If a Keystore File name or file path is provided, then, in this text box, provide the password that is used to obtain the associated certificate details from the Keystore File.

Confirm Password

Confirm the Password for Keystore by retyping it here.

Measurements made by the test
Measurement Description Measurement Unit Interpretation

Cluster interconnect percentage:

Indicates whether the cluster interconnect is available on this node or not.

 

Percent

The value 0 for this measure indicates that this node is unable to communicate with other nodes in the cluster via the cluster interconnect. The value 100 indicates that the interconnect is available and is enabling this node to communicate with the other cluster nodes.

Logon rate

Indicates the rate at which user logons occurred on this node.

Logons/Sec

 

Processes running

Indicates the number of processes currently running on this cluster node.

Number

As long as the value of this measure is much lower than the value of the processes setting in the database parameter file, the node will be able to handle the process load.

Process utilization

Of the maximum number of processes this node can handle, what percentage is currently active on this cluster node. 

 

Percent

Ideally, the value of this measure should be low. If this measure value is close to 100%, it could mean that the node is about to exhaust its processing limit and may not be able to handle any more processes. On the other hand, if the value of this measure is consistently high for a cluster node, then check the processes setting in the database parameter file to figure out whether/not the node has been configured with adequate processing capability. If this check reveals that the node has been configured with a limited number of processes than it can handle, you may want to increase the processes setting to suit the node’s capacity.

Sessions used

Indicates the number of sessions that are currently active on this node.

Number

As long as the value of this measure is much lower than the value of the sessions setting in the database parameter file, the node will be able to  handle the session load. If the value of this measure is unusually high for any cluster node, then compare the value of this measure across nodes to figure out whether/not load is uniformly distributed across all cluster nodes. If session load on most of the cluster nodes is high, then the sudden increase in session load could be attributed to an unavailable cluster interconnect. Because of the unavailability, the cluster service may not have been unable to contact the affected cluster node and may have been compelled to distribute the load amongst the remaining cluster nodes. This may have caused load on the other nodes to suddenly increase. To confirm this, check the value of the Interconnect availability percentage measure of all nodes.

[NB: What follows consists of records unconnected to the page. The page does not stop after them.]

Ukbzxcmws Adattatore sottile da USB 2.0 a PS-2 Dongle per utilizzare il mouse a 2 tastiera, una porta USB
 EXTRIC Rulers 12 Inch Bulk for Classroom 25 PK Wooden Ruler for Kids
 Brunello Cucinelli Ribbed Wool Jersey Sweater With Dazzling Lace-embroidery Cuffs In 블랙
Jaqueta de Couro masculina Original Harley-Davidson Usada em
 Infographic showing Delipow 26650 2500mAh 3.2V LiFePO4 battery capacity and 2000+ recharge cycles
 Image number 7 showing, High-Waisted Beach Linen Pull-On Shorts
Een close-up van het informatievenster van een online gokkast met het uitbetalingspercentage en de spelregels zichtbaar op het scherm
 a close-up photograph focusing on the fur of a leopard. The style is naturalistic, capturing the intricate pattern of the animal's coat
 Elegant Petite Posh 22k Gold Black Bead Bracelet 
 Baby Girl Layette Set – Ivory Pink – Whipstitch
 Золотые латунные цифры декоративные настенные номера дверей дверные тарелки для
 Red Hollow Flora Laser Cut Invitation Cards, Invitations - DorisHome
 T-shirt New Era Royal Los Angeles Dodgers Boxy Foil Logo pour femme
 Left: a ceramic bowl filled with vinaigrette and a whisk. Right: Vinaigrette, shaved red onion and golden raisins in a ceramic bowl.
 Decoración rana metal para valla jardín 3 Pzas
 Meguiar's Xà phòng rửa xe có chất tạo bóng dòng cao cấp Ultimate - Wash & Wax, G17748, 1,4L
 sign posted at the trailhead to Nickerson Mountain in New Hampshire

On the other hand, if no interconnect is unavailable, and if Session utilization is abnormally high on a particular node only, it could mean that that node is indeed overloaded.

Session utilization

Of the maximum number of sessions this node can handle, what percentage is currently active on this cluster node. 

 

 

Percent

Ideally, the value of this measure should be low. If this measure value is close to 100%, it could mean that the node may not be able to handle any more sessions. On the other hand, if the value of this measure is consistently high for a cluster node, then check the sessions setting in the database parameter file to figure out whether/not the node has been configured with adequate session-handling capability. If this check reveals that the node has been configured with a limited number of sessions than it can handle, you may want to increase the sessions setting to suit the node’s true capacity.